Some timing results would be good.

Could you attach the scipy.signal label? (I'm not a dev or triager, so I can't do that.)

[maxnoe]

Interesting - I would have thought np.convolve is C-level and unlikely to be much (if at all) slower.

convolve is, the problem is apply_along_axis which is essentially a python loop.

[roryyorke]

I get these timings for different orders and inputs lengths (see script at end). I was a little surprised as the low order result, but I ran it again and got much the same figure.

ndimage is slowest for low order and large input length, but fastest for intermediate and high(-ish?) order. As input length and order increase the difference become small.
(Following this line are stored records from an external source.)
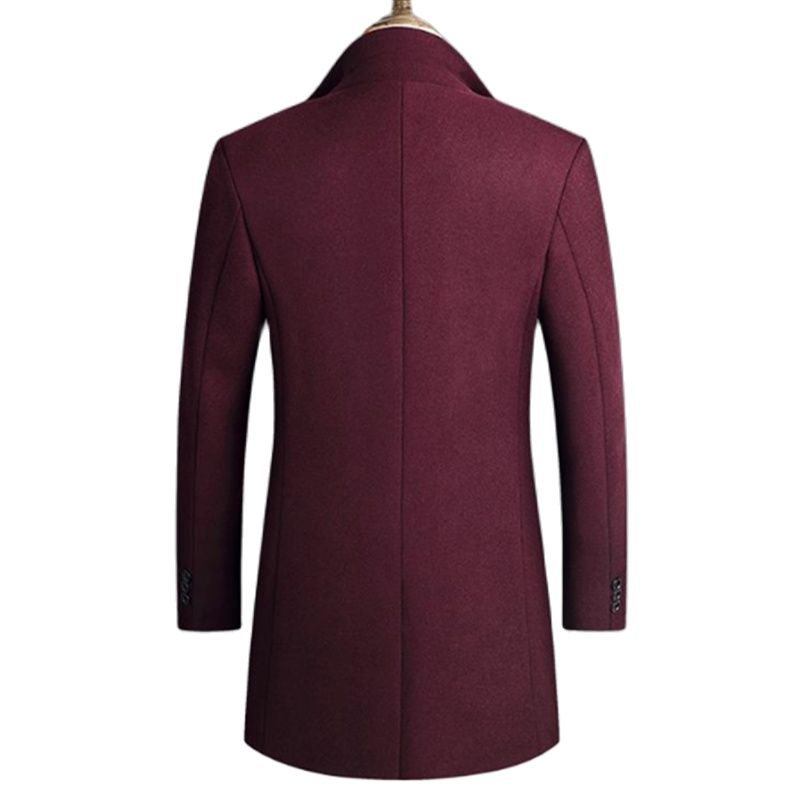 New Autumn Winter Long Overcoat Men Fashion Slim Fit Long Wool Blends Coats Men Solid Business Causal Windbreaker Jackets Men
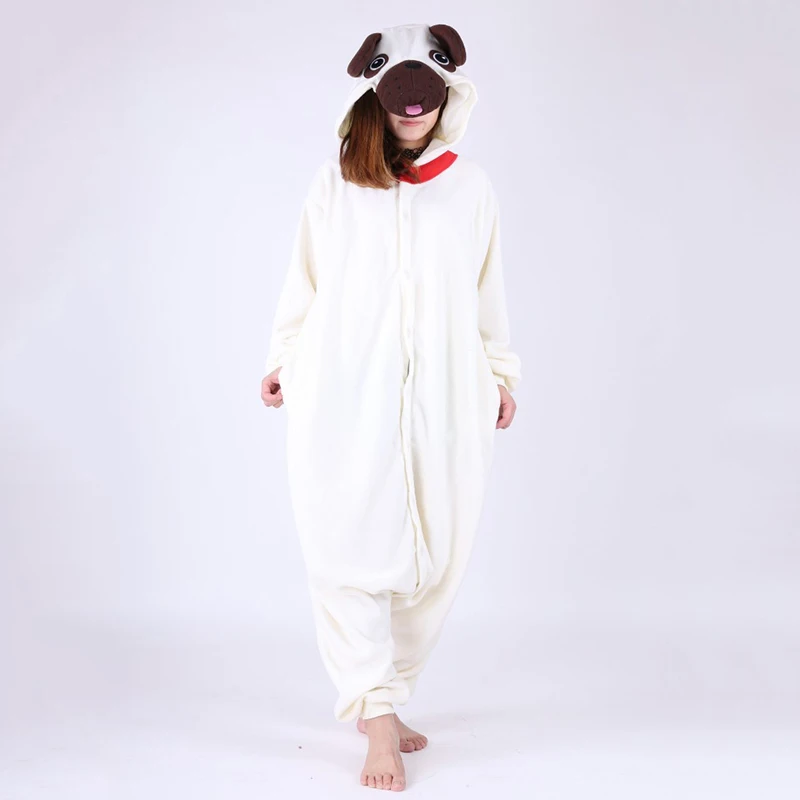 JINUO Новый 2018 AAA + флис мопса pijama дизайнерская Пижама пижамы костюм с капюшоном для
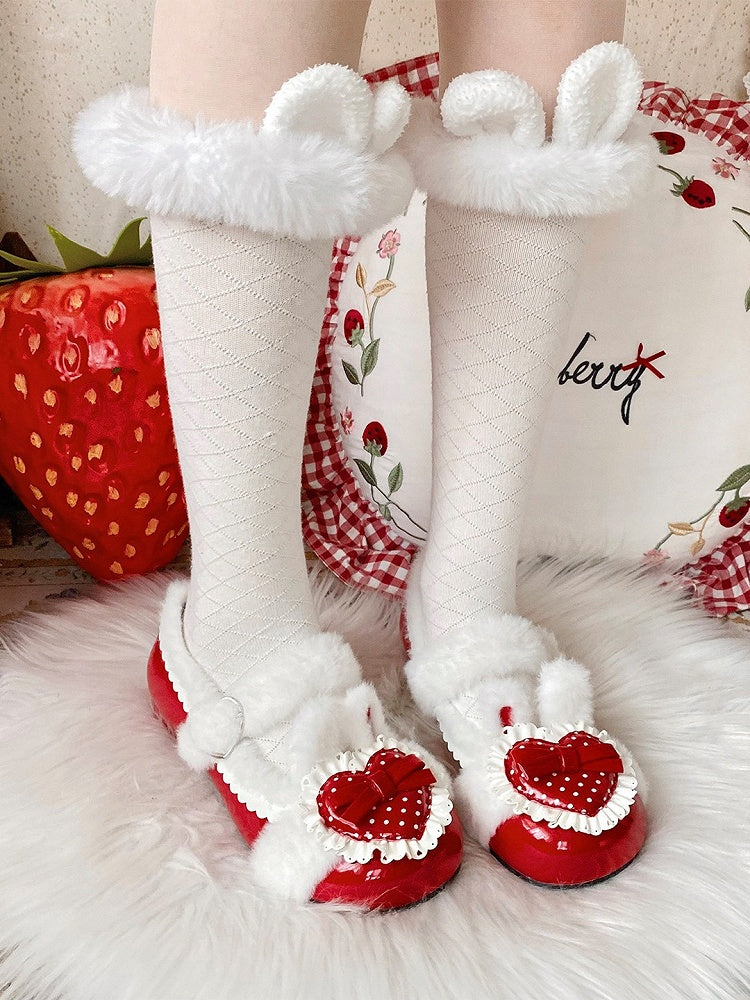 Red Bunny Fur-Trimmed Heart Detail Flat Winter Shoes - Cute Bunny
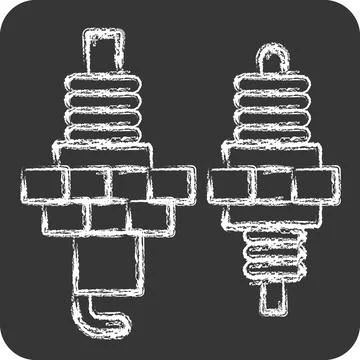 Icon Spark Plug. related to Racing symbol. chalk Style. simple design edita.. Stock Illustration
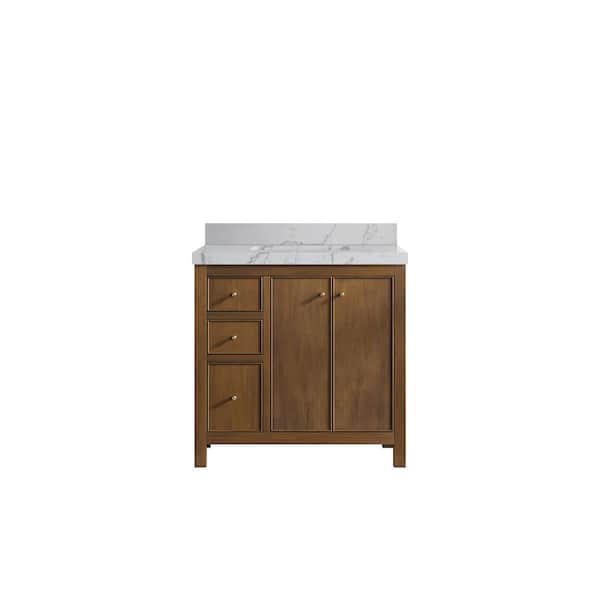 Willow Collections Chicago Teak 36 in. W x 22 in. D x 36 in. H Center Sink Bath Vanity in Dark Natural with 2" Venatino Qt. Top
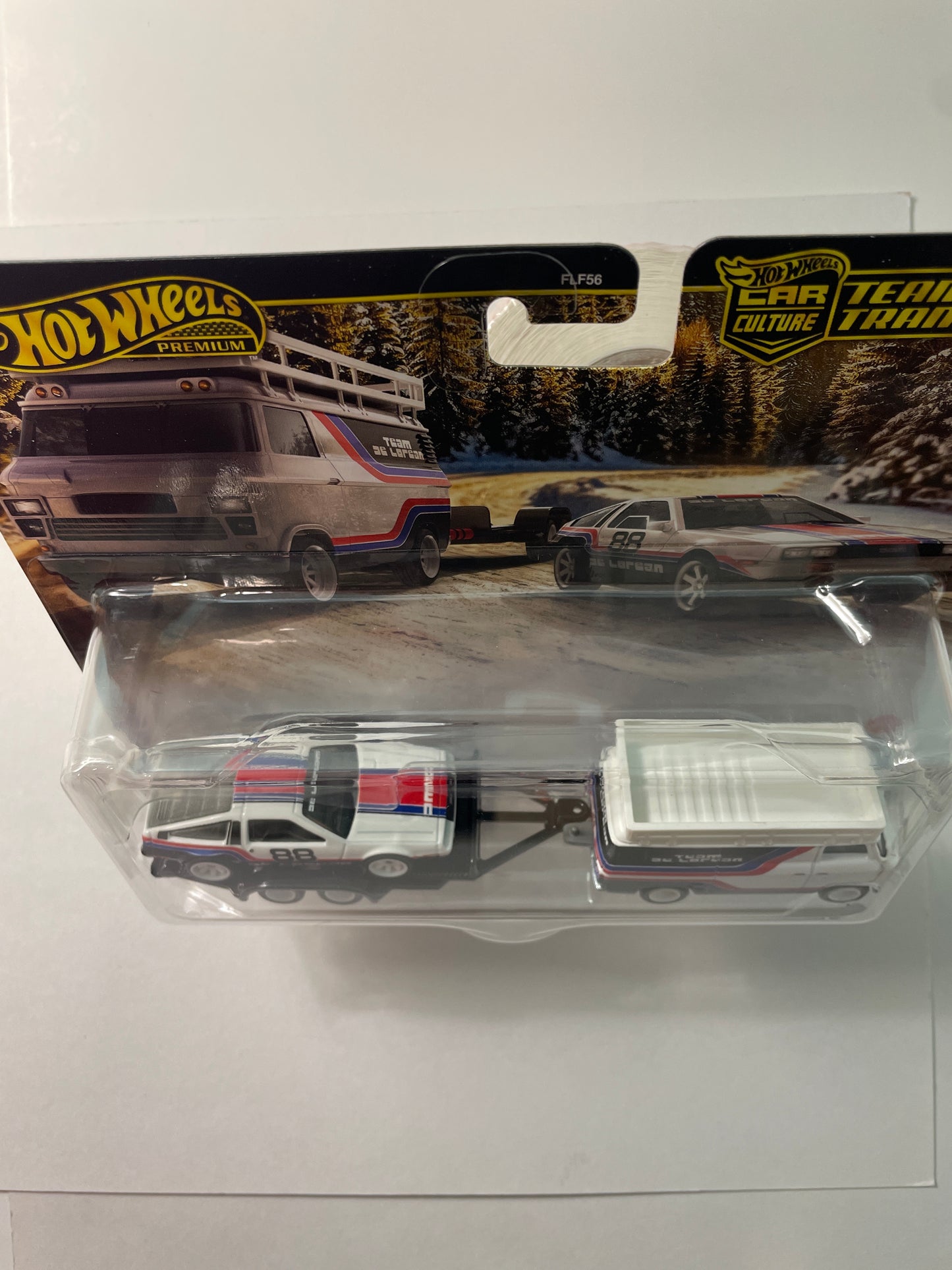 Hot Wheels 1/64 Car Culture Team Transport F Case DMC Delorean w/ HW Rally Hauler White & Black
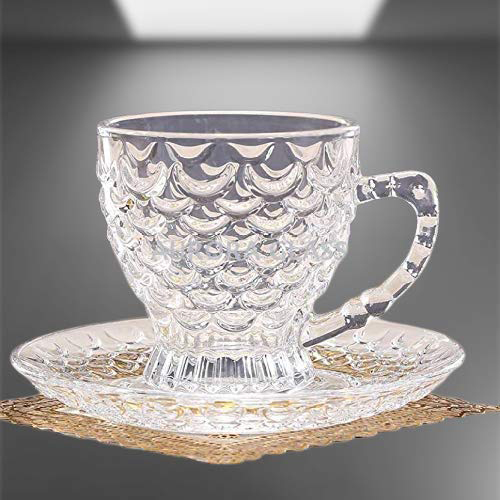 Transparent 210ml Fish Tea Cup With Saucer 6pcs
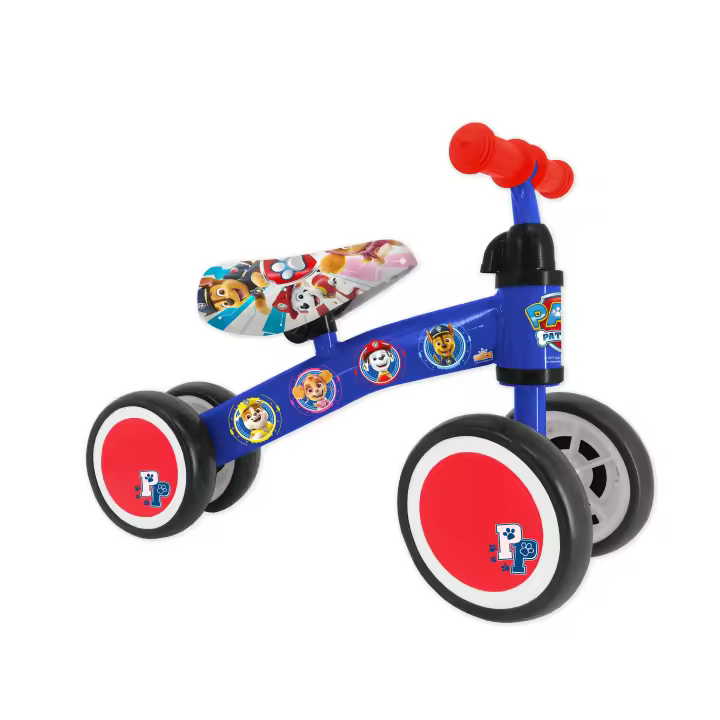 Bicicleta sin pedales My first Ryder de 4 ruedas, con diseños exclusivos de Patrulla Canina o en Rosa o Turquesa  Correpasillos ligero y resistente Paw Patrol. Con sillín acolchados. A partir de 18 meses.  Usable y bonito. Calidad a buen precio. - 1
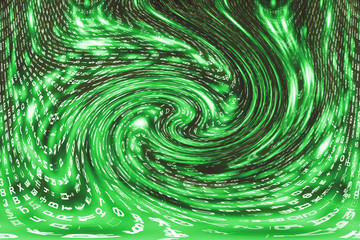 Green matrix digital background. Distorted cyberspace concept. Characters fall down in wormhole. Hacked matrix. Virtual reality design. Complex algorithm data hacking. Green digital sparks.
ndimage is about 3 times faster for short inputs and higher order filters, but the absolute times in that case are smaller (under 1ms).

import sys
import timeit

import numpy as np
import scipy
import matplotlib.pyplot as plt

from scipy import signal, ndimage

print(f'{sys.version = !s}\n{np.__version__ = !s}\n{scipy.__version__ = !s}')

def firfilter(b, u):
    return ndimage.convolve1d(u, b, mode="constant", cval=0, origin=-(len(b)//2))

def firfilter2(b, u):
    return np.convolve(b, u)[:len(u)-(len(b)-1)]

stats = []

orders = [2, 12, 22]
nus = 10**np.arange(3,8)

for order in orders:
    b = signal.firwin(order, 0.2)
    ostats = []
    for nu in nus:
        print(order, nu, flush=True)
        u = np.random.normal(size=nu)
        ostats.append(timeit.Timer('signal.lfilter(b, 1, u)', globals=globals()).autorange())
        ostats.append(timeit.Timer('firfilter(b, u)', globals=globals()).autorange())
        ostats.append(timeit.Timer('firfilter2(b, u)', globals=globals()).autorange())
        
    stats.append(ostats)

astats = np.array(stats)
# axes are order, nu, func
times = np.reshape(astats[...,1] / astats[...,0], [len(orders),-1,3])
fig, ax = plt.subplots(1, 3, sharey='row')

for i in range(3):
    ax[i].loglog(nus, times[i])
    ax[i].legend(['lflt','ndimg','npconv'])
    ax[i].set_xlabel('nu')
    ax[i].set_title(f'FIR order {orders[i]}')

ax[0].set_ylabel('time [s]')

fig.tight_layout()
fig.savefig('firfilt-time.png')

[maxnoe]

But you compare application on a single 1d array. The point is that the scipy filter functions use np.convolve in a np.apply_along_axis call, which creates a pure python loop and calls convolve for each subarry.

convolve1d supports axis without going through a python python loop.

[roryyorke]

Ah, I see. This is a much simpler example demonstrating the problem:

In [27]: u = np.random.normal(size=(3,10**6))

In [29]: %timeit signal.lfilter([0.5, 0.5], 1, u)
9.86 ms ± 37.2 µs per loop (mean ± std. dev. of 7 runs, 100 loops each)

In [30]: %timeit signal.lfilter([0.5, 0.5], 1, u, axis=0)
4.74 s ± 50.1 ms per loop (mean ± std. dev. of 7 runs, 1 loop each)

In [35]: %timeit firfilter([0.5, 0.5], u)
16.4 ms ± 27.9 µs per loop (mean ± std. dev. of 7 runs, 100 loops each)

In [36]: %timeit firfilter([0.5, 0.5], u, axis=0)
30 ms ± 125 µs per loop (mean ± std. dev. of 7 runs, 10 loops each)

This uses this definition of firfilter:

def firfilter(b, u, axis=-1):
    return ndimage.convolve1d(u, b, mode="constant", cval=0, origin=-(len(b)//2), axis=axis)

signal already depends on ndimage, specifically ndimage.convolve1d in _savitzky_golay.py, presumably for similar speed-of-execution reasons.

[AtsushiSakai]

When looking at the documentation for np.convolve, with the default mode 'full', the size of the output vector is N (size of x) + M (size of b) - 1.
https://numpy.org/doc/stable/reference/generated/numpy.convolve.html

On the other hand, according to the documentation for ndimage.convolve1d, the size of the output vector is the same as N (the size of x).
https://docs.scipy.org/doc/scipy/reference/generated/scipy.ndimage.convolve1d.html
Therefore, when the size of b is anything other than 1, it seems that the sizes of the output vectors from these two functions will differ. Not equivalent.